(Gaelic meaning… the point of the hole headland)
The dramatic view from the base of the towering red-brick lighthouse has nearly 360 degree views across waters busy with sea-life and skies full of birds. The cliffs are made of beautiful twisted rocks and are home to an abundance of seabirds nesting along the jagged edges. On clear days the mountains of the mainland can be seen to the east, while to the west the sea stretches out, seemingly endless.
With nothing between you and America the restless Atlantic rolls against the cliffs; sometimes bringing thunderous storms, sometimes whales and dolphins. Look out for seals gambolling in waves, or for a glimpse of Risso’s dolphins travelling by the cliffs, or the splashes of gun-metal grey bottlenose dolphins.
Here at the very edge you feel the majesty of the sea, and the raw power of the Hebrides. Its a breathtaking location so take your time, who knows what wondrous creatures you might spot.
A bit about the site
At the Butt of Lewis there is open access but uneven ground. Take care on the cliffs, the grass is very slippery when wet and avoid anywhere near the edge of the crumbling cliffs.
There are no facilities at the site itself, but there are cafes and pubs in the nearby villages, and public facilities at Sporsnis. Sporsnis is the nearby community sports and recreation centre, and has a great display on the local natural environment - Wild About Ness.
Service bus W1 runs every few hours and passes the end of the road to the Butt of Lewis which would give a walk of about a mile.

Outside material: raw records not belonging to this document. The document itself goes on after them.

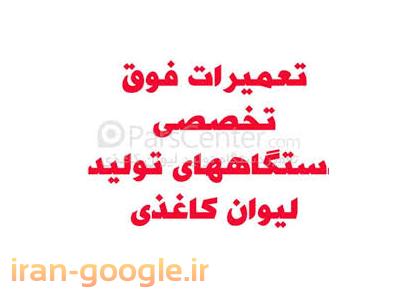 فروش دستگاه لیوان کاغذی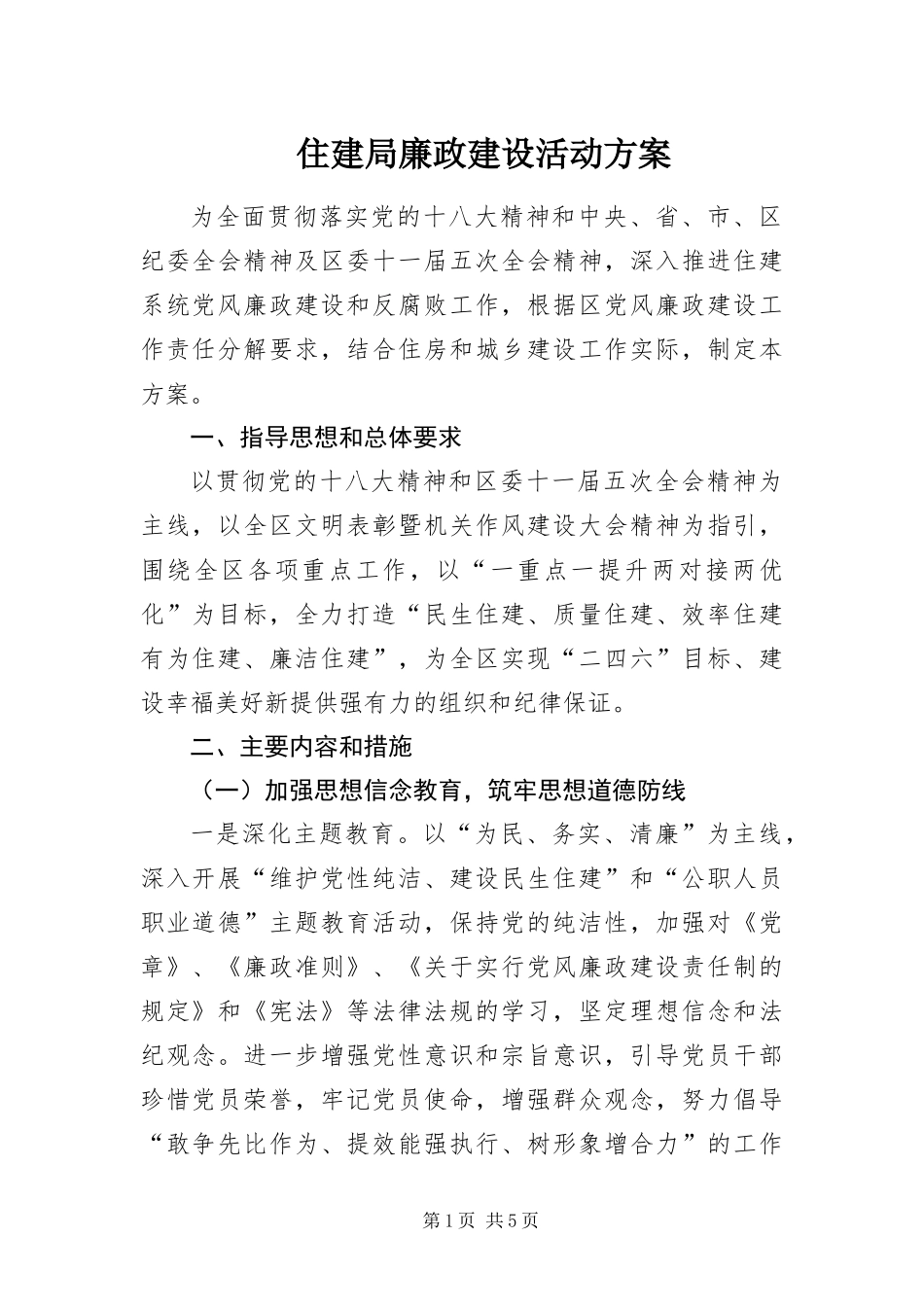 2024年住建局廉政建设活动方案_第1页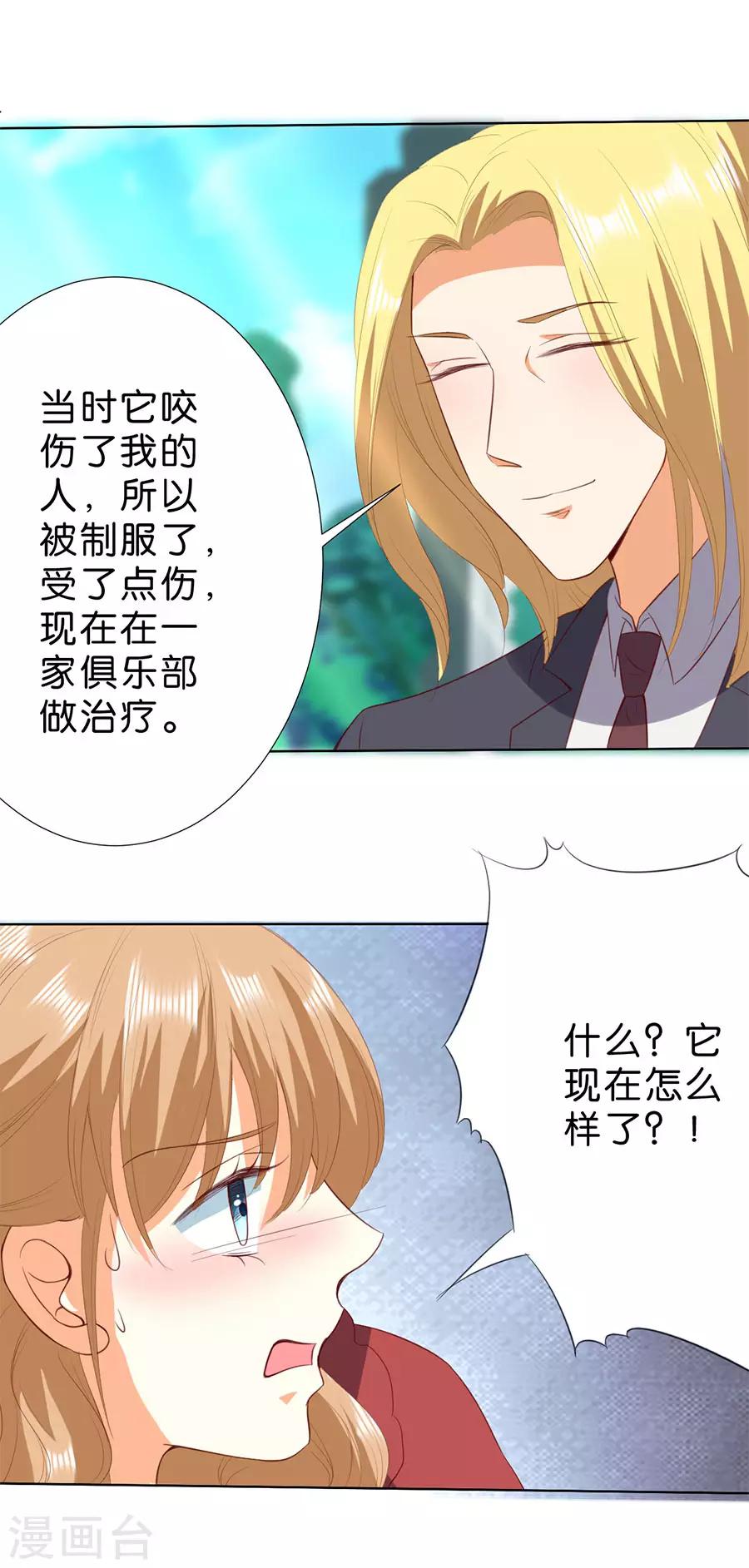 第190话-第191话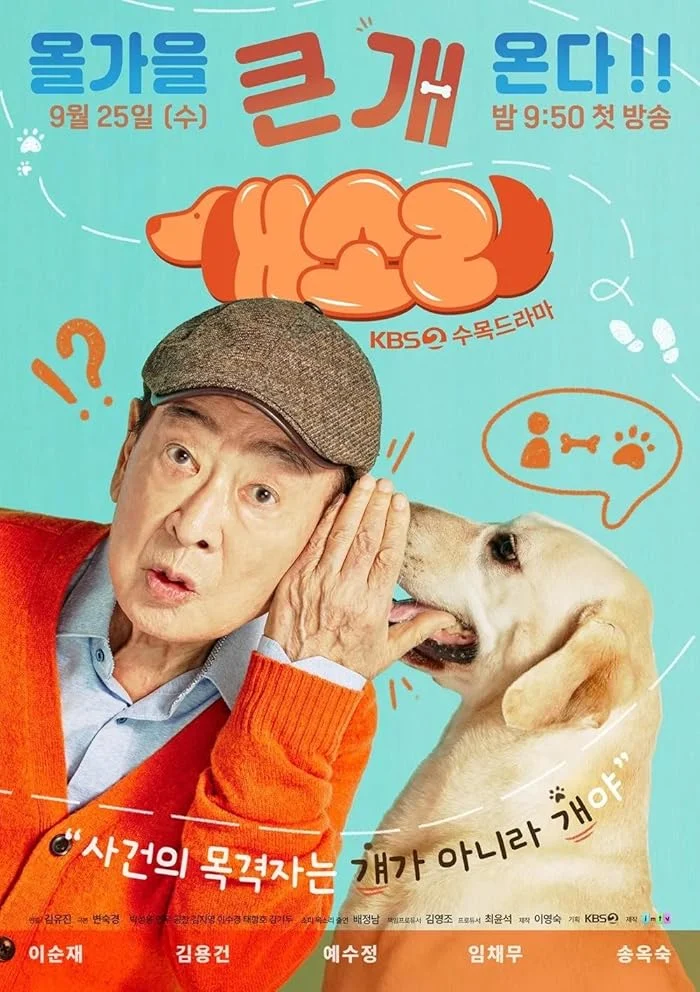 مسلسل Dog Knows Everything مترجم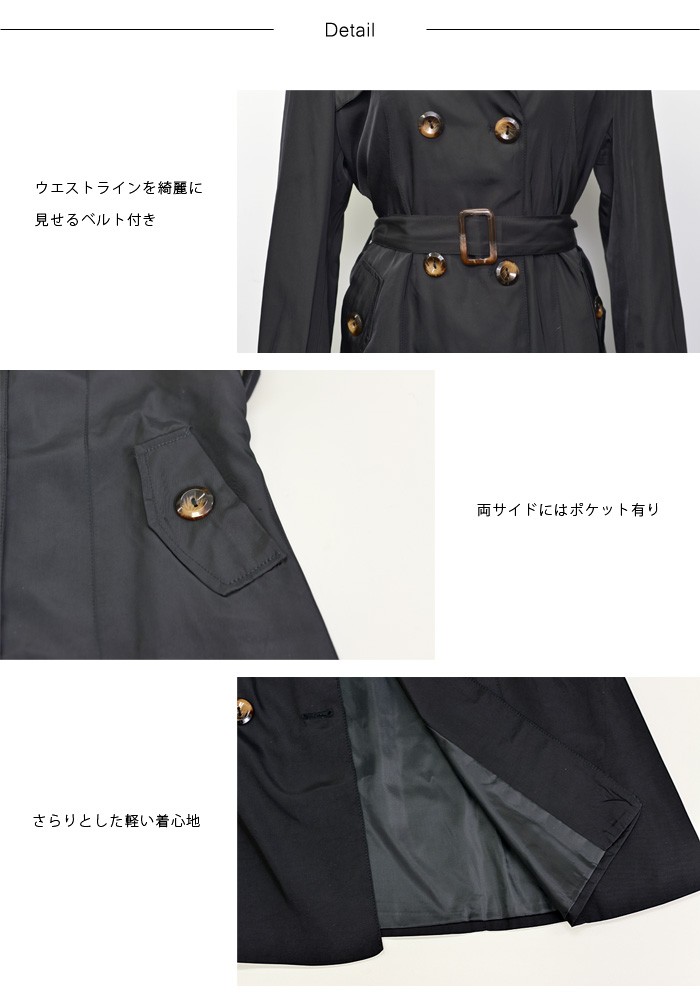新品❤︎ シアートレンチコートニュアンスベージュ春美人百花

This is an outdoor site with uneven ground and steep cliffs. There is good spotting from the car park however so good accessibility for whale watching.
Look out for
Killer whales (orca)
Black guillimots (tystie)
The sea around the Butt of Lewis and down towards Tiumpan Head is recognised as an important area for the lesser-known Risso’s dolphin. Large groups of Risso’s dolphins have been spotted here mixing with bottlenose dolphins. These two species occasionally breed creating rare hybrid dolphin babies! These hybrids have a mix of characteristics from both species but can be tough to spot amongst the group.
Fancy a stroll?
The coastal path around the north tip of Lewis is well worth the walk. To the west from the lighthouse you will follow some stunning coastline along clifftops, past a great stone arch and end at Eoropie Beach, where golden sand stretches into turquoise waves. To the east from the lighthouse you will pass Port Stoth - the locals favourite swimming spot, across a bridge to Dùn Èistean - the historic seat of the Morrison Clan, before ending up at picturesque Port Ness harbour and beach.